Citrus-Bergamot

Citrus bergamot extract, derived from the juice and albedo of the bergamot orange (Citrus bergamia Risso & Poiteau), is a polyphenol-rich botanical preparation whose pharmacological interest centers on a distinctive flavonoid profile that includes the 3-hydroxy-3-methylglutaryl (HMG)-conjugated flavanone glycosides brutieridin and melitidin, alongside high concentrations of neoeriocitrin, naringin, and neohesperidin. These HMG-bearing flavanones are structurally analogous to the HMG-CoA substrate of 3-hydroxy-3-methylglutaryl coenzyme A reductase (HMGCR), the rate-limiting enzyme in cholesterol biosynthesis and the molecular target of statin drugs. In vitro mechanistic studies in HepG2 and Caco-2 cell lines have demonstrated that bergamot polyphenolic fraction (BPF) and its principal constituents reduce HMGCR protein levels, activate AMP-activated protein kinase (AMPK) phosphorylation, stimulate fatty acid oxidation, and inhibit intestinal cholesterol absorption through downregulation of the Niemann-Pick C1-Like 1 (NPC1L1) transporter. The mechanism is therefore distinct from direct competitive HMGCR inhibition by statins and involves transcriptional and post-translational regulation of cholesterol biosynthetic and absorptive pathways.

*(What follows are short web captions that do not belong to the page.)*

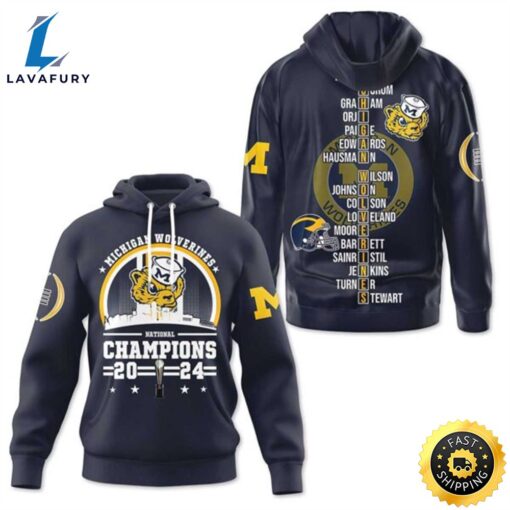 Wolverines 2024 National Champions Hoodie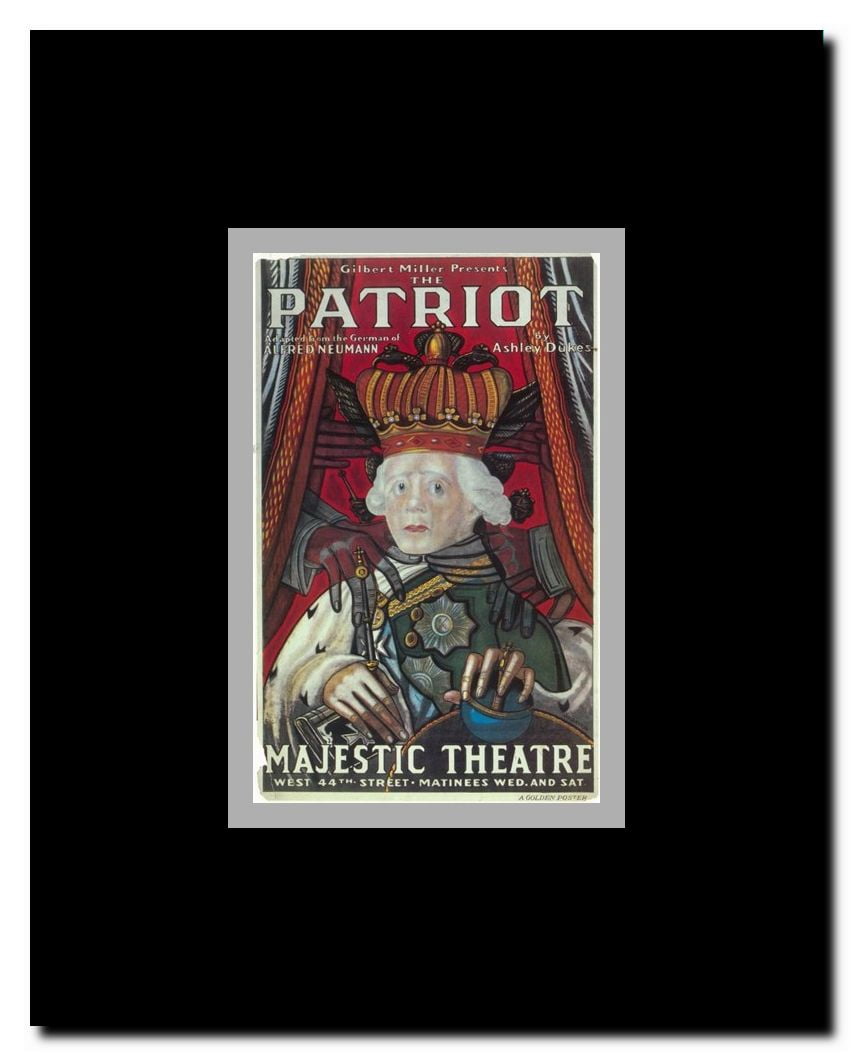The (Broadway) Patriot Framed Movie Poster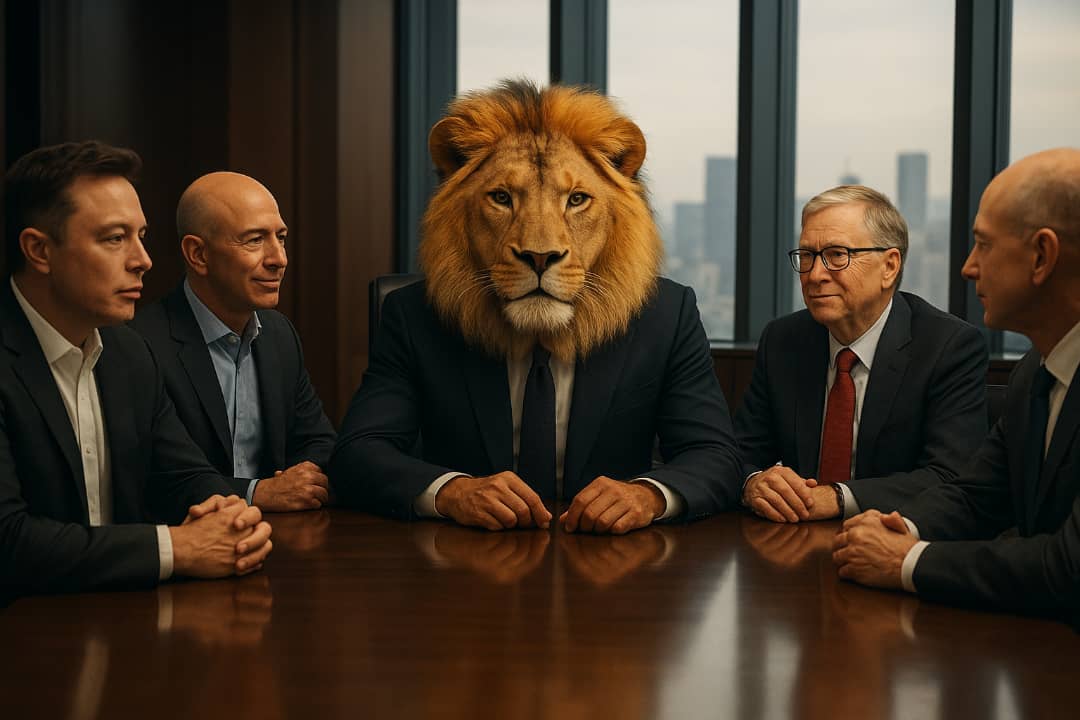 The Boss with Bosses 🦁 👑 

#BnB
$Lioncoin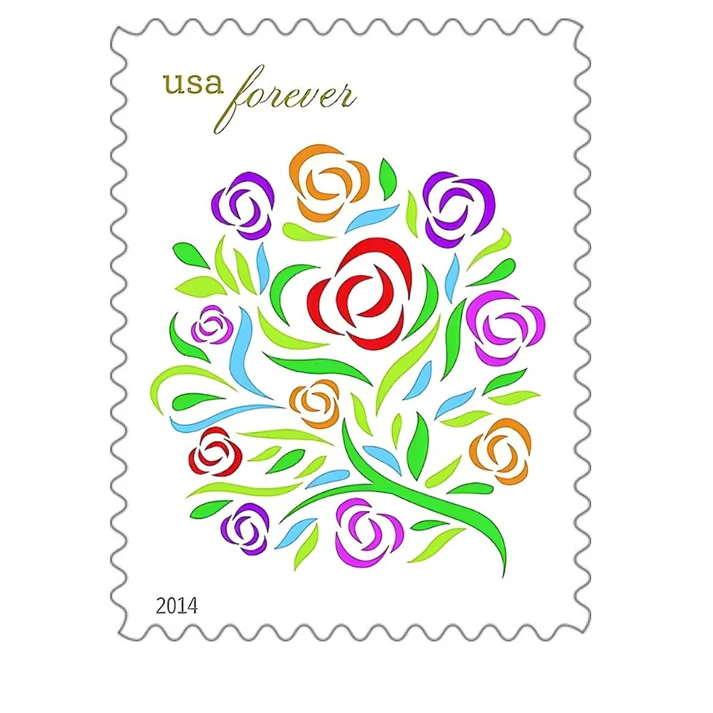 Where Dreams Bloom 2014 1 - USPS Forever Stamps Where Dreams Bloom 2014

Clinical investigation of bergamot polyphenolic extracts has been conducted primarily in Southern Italian populations with hyperlipidemia, metabolic syndrome, and non-alcoholic fatty liver disease (NAFLD). In the pivotal Mollace et al. (2011) open-label study of 237 patients with moderate hypercholesterolemia, BPF at 500 mg or 1000 mg for 30 days reduced total cholesterol by 22 to 31 percent, low-density lipoprotein cholesterol (LDL-C) by 24 to 36 percent, and triglycerides by 28 to 41 percent, while increasing high-density lipoprotein cholesterol (HDL-C) by 22 to 40 percent. Subsequent randomized, double-blind, placebo-controlled trials have confirmed statistically significant reductions in LDL-C and triglycerides at doses of 500 to 1300 mg over 6 to 24 weeks, with concurrent improvements in fasting glucose, HOMA-IR insulin resistance index, and hepatic steatosis markers. A 2020 randomized trial of a bergamot-cardoon combination (Bergacyn) in NAFLD patients over 50 years demonstrated significant reductions in liver steatosis, body weight, and hepatic transaminases.

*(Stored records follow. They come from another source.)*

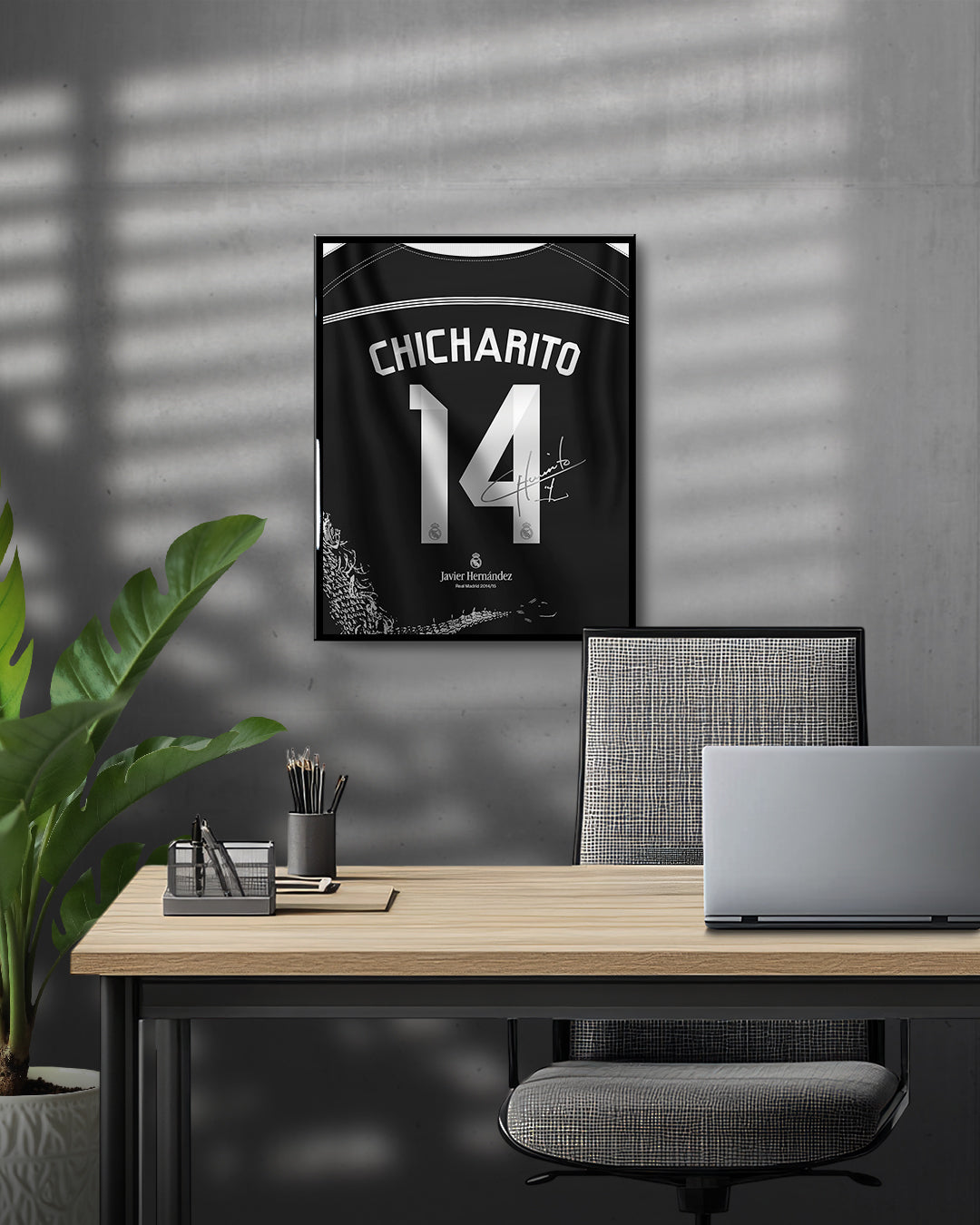 Real Madrid 2014/15 Tercera - Diseño Dorsal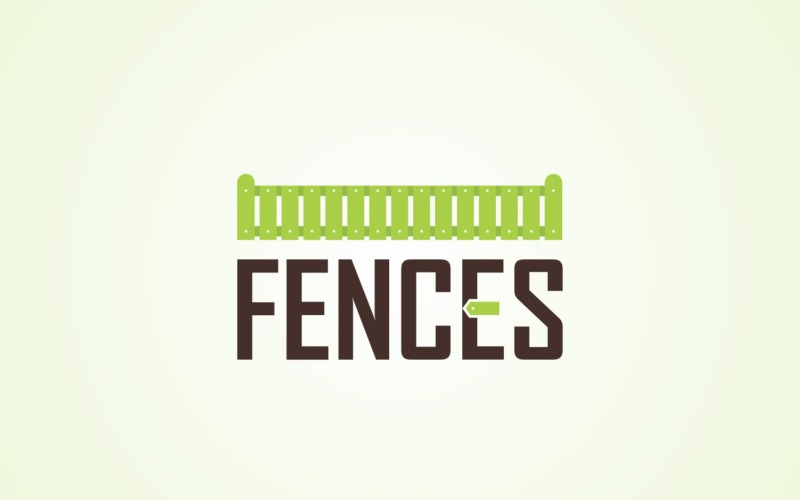 Fences Creative Logo Design Template Logo Template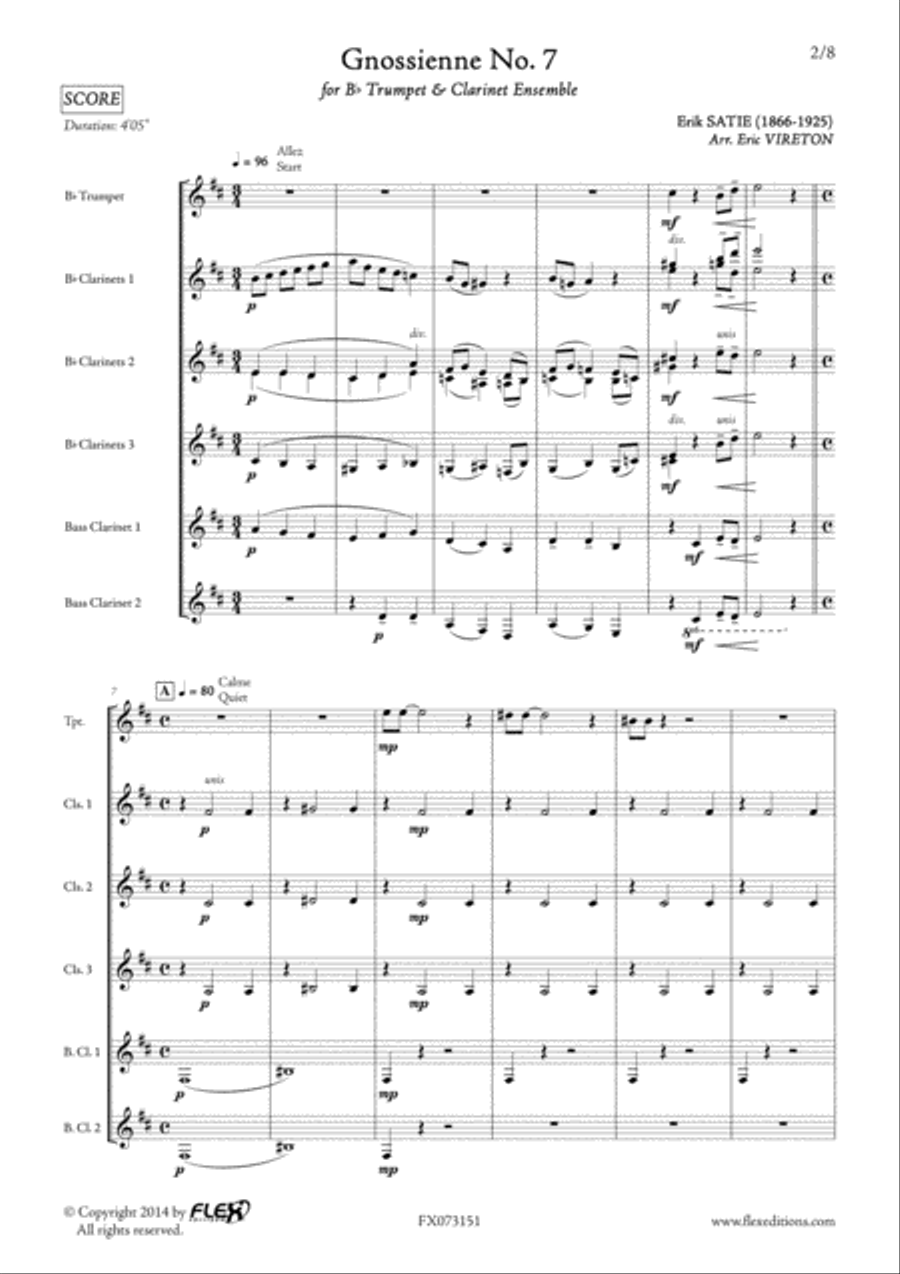 Gnossienne No. 7 2-Part scores gallery preview page 2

The pharmacokinetic profile of bergamot flavonoids in humans is incompletely characterized. Oral consumption produces circulating phase II conjugated metabolites (sulfates and glucuronides of naringenin, hesperetin, and eriodictyol) detectable at 1 and 4 hours post-ingestion, consistent with intestinal deglycosylation and hepatic phase II conjugation. The characteristic HMG-conjugated flavanones brutieridin and melitidin have not been detected in plasma or urine in published pharmacokinetic studies, raising the possibility that their hypolipidemic activity is mediated locally in the gastrointestinal epithelium or through metabolites not yet characterized. The extract is generally well tolerated in clinical studies of up to 24 weeks duration, with adverse events limited to mild gastrointestinal discomfort in a minority of subjects. Bergamot contains furanocoumarins (bergamottin, bergapten) that inhibit CYP3A4, producing clinically relevant interactions with statins metabolized by this isoform (atorvastatin, simvastatin, lovastatin) and other CYP3A4 substrates. This monograph reviews the botanical identification, phytochemistry, and standardization of bergamot extract; the molecular pharmacology of its principal flavonoid constituents; the pharmacokinetic record; the preclinical and clinical evidence base across dyslipidemia, metabolic syndrome, NAFLD, and glycemic endpoints; sourcing and quality verification; handling considerations; stack interactions; adverse-event signal; and a comparative assessment of five alternative lipid-modifying nutraceuticals (red yeast rice, berberine, plant sterols/stanols, niacin, and artichoke leaf extract) against citrus bergamot on five competency standards.